Это сразу подействовало. Толпа немедленно покатилась, словно гонимая ветром, к соседней деревне.
Подходя к деревне, толпа представляла собой армию более чем в тысячу человек. Дружинники подняли весь свой отряд, немало крестьян примкнуло и по дороге. Деревня Сунчжуан, не имевшая охраны, была захвачена без сопротивления. Все знали, кто является главой общества, а кто — членами; поэтому, действуя группами, крестьяне почти всех поймали. После того как они пообедали в покоренной деревне, на пленных надели высокие колпаки[26] и погнали их по селу с криками:
— Долой общество «Власть мужей»!
Когда к процессии присоединились женщины, лозунг в их устах изменился:
— Долой мужей-феодалов! Да здравствуют любовники!

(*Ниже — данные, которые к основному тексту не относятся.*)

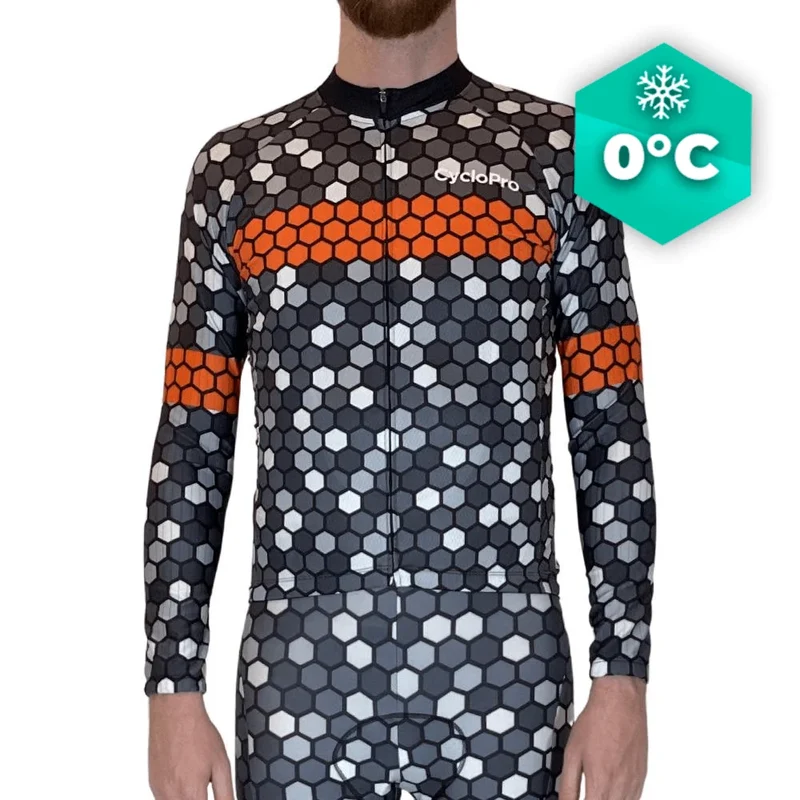 MAILLOT LONG DE CYCLISME ORANGE - HIVER - ATMOSPHERE+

Пять различных версий об этом движении, начавшемся словно извержение вулкана, на третий день дошли до уезда. Комитет партии получил подробный официальный доклад Ван Чжофаня как раз через пятнадцать дней после того, как Ху Гогуан был избран членом бюро постоянного комитета, и в то время, когда Лу Мую всеми средствами улаживал затруднения вдовы Цянь Сучжэнь.
Прочитав доклад, Ху Гогуан вскипел от гнева и мысленно произнес: «Да это же самый настоящий бунт!» Он подумал о своей Цзинь Фэнцзе, и мысль эта вызвала неприятное воспоминание. Его сын за последнее время совсем распустился. «Сосунок! Сам бездельничает и ничего не зарабатывает, а все норовит у отца изо рта кусок вырвать!» — зло выругался в душе Ху Гогуан.

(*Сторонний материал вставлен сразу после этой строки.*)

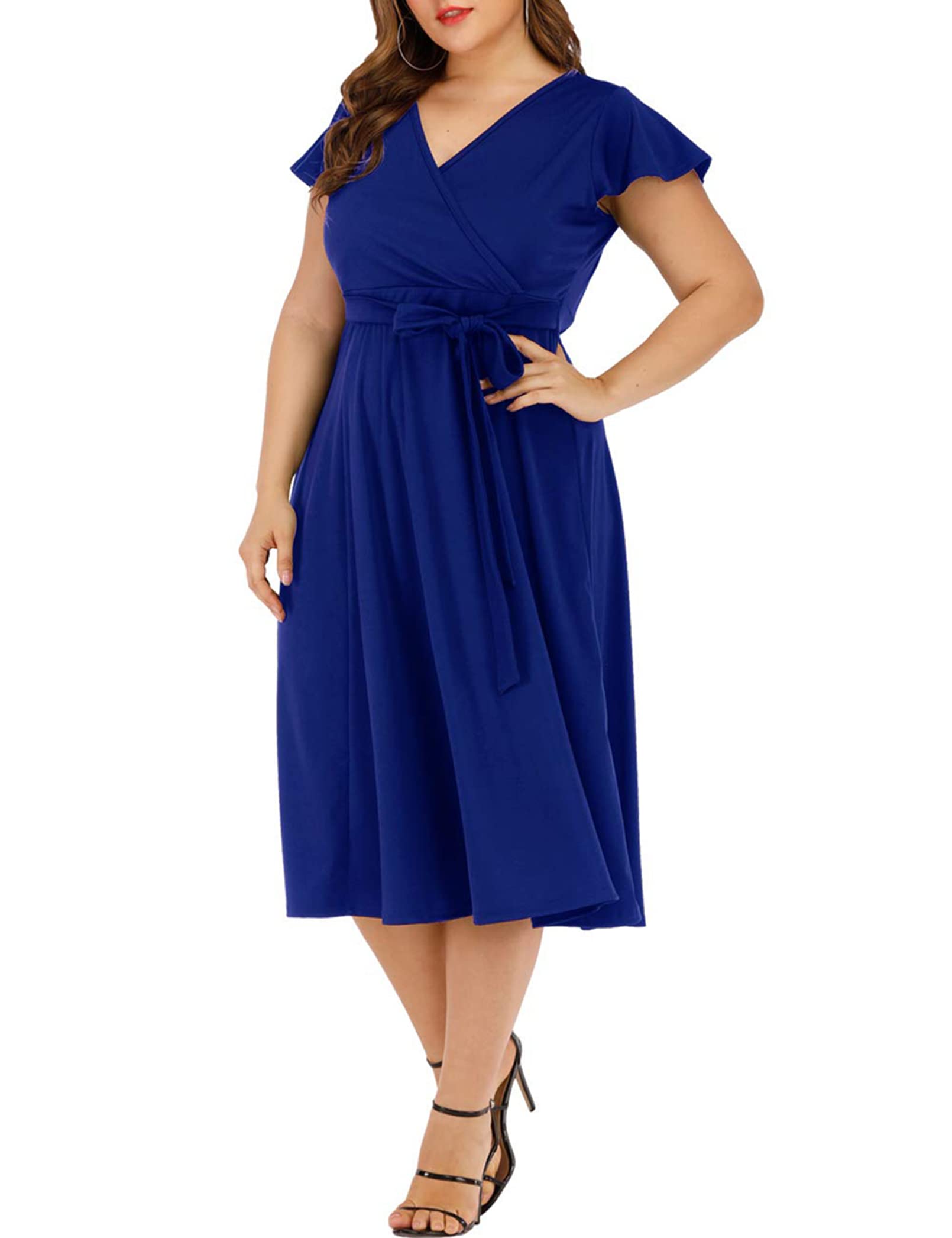 AGMIBRELR Women's Plus Size Flutter Sleeve Deep V-Neck A-Line Swing Midi Dress - Elegant Casual & Party Wear for Curvy Women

Но тут он вновь задумался о действиях, к которым прибегали крестьяне Наньсяна, и решил в общих чертах перенять их опыт. Тогда он сам смог бы в мутной воде рыбку поймать. Он предполагал, что Фан Лолань и другие деятели партии не смогут придумать ничего разумного и он легко осуществит свой план.
Все произошло так, как он и предполагал. У остальных членов комитета, ознакомившихся с докладом, не возникло никаких проектов, и они все ограничились тем, что только поговорили на эту тему. Даже Фан Лолань лишь спросил у заведующей женским отделом Чжан:
— Каково мнение женского отдела об этом происшествии? Порицаете или одобряете?

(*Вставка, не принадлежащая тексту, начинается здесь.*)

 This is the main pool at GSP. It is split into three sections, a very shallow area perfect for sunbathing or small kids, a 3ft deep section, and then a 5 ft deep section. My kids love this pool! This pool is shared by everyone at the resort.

— Это — массовое движение крестьян, — ответила Чжан, поглощенная подготовкой к митингу в честь международного праздника женщин — 8 марта. — Притом от обобществленных женщин не поступило никаких заявлений. Лучше не вмешиваться!
В хлопотах и заботах события, происшедшие в деревне, отодвинулись на второй план, а в следующие дни о них перестали говорить даже в партийном комитете, и лишь Ху Гогуан втайне вынашивал свой план.
Но на спокойных улицах уездного городка эти события породили новые волнения. Уже многие бездельники обсуждали в чайных и кабачках, как будут проводить обобществление женщин, и подсчитывали, сколько в городке наложниц, вдов, монахинь и служанок. Договорились даже до того, что, мол, и девушек следовало бы разыграть по жребию.
Эти слухи немедленно облетели весь городок. Они стали известны даже старому Лу, укрывшемуся от мира в своем саду. Цянь Сюецзю пришел поговорить с ним об этом, и вполне понятно, что старик очень встревожился о своей Муюнь.
— События в деревне Наньсян действительно имели место. К городским слухам тоже следует отнестись внимательно. Вам нужно быть осторожным, — сказал на прощание Цянь Сюецзю и быстро ушел.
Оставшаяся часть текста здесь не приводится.